You will see that this index has a name (first_name), which is why ``first_name`` appears above "Annina" when your print out the data. You can also access it by typing ``df_wide.index.name``. Can you find a way to rename the index to ``name``?

Check out the documentation of the ``wide_to_long`` function (which is similar to ``melt``): https://pandas.pydata.org/docs/reference/api/pandas.wide_to_long.html. Can you use it to convert your data back to *long* format?

## Exercise 3

Read in the homicide data.

You would like to analyze homicide patterns across the globe. As a first step, you would like to know if homicide rates differ between continents. Use ``groupby`` to create an aggregated dataset called ``homicide_continents`` with the the homicide rate of the average country as well as the number of countries on each continent. It should look as follows:


|continent|mean| 	count|
| :- | -: | :-: |	
|Africa |	0.888916 |	50|
|Asia |	0.603732 |	43|
|Europe| 	0.218499| 	41|
|North America |	2.922844| 	25|
|Oceania |	0.568807 |	13|
|South America |	2.172048| 	11|



## Exercise 4

Now, you would like to find out if there is a correlation between homicide rates and life satisfaction. Import the the dataset "life_satisfaction_clean.csv" and merge it with your homicide data (keeping only the life statisfaction column). Make sure no observations in your homicide data are dropped.

In [None]:
df = homicide.merge(satisfaction[["code", "life_satisfaction"]], on="code", how="left")

Group your countries into 5 quantiles according to their life satisfaction and print out the mean, median, minimum and maximum homicide rate for each group. 

## Exercise 5

Read in the file: ``real-gdp-per-capita.csv``. You will have to specifiy a few parameters to make sure this works properly. Try to read in the data in a way that requires only mimimal (or no) additional cleaning afterwards.

You would like to look at the GDP growth by continent. Merge your gdp data with the ``continent`` column from the dataset in the previous exercise. What kind of join did you perform?

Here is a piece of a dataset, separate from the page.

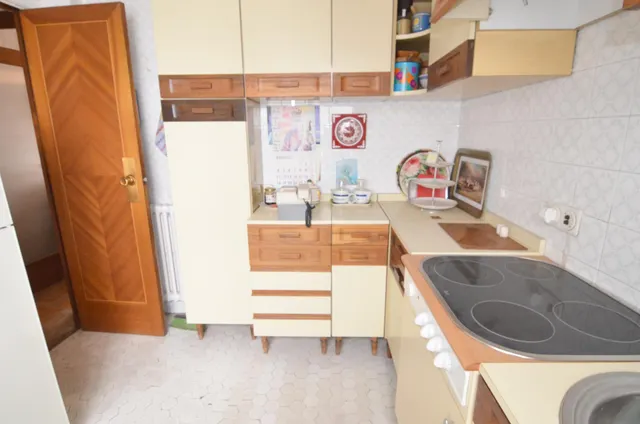 Urbis te ofrece un piso en venta en zona San Juan, Salamanca. — 41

Create a dataframe with the per-capita income growth (between 1950 and 2017) of the median country on each continent. The dataframe should have a row for each continent and a column with the respective growth rate. On which continent did the typical country fare best/worst?
<font color='violet'>
Hints: <font color='white'> You may need to group and reshape your data. If you keep only the years 1950 and 2017 before reshaping, your  dataset will be more compact.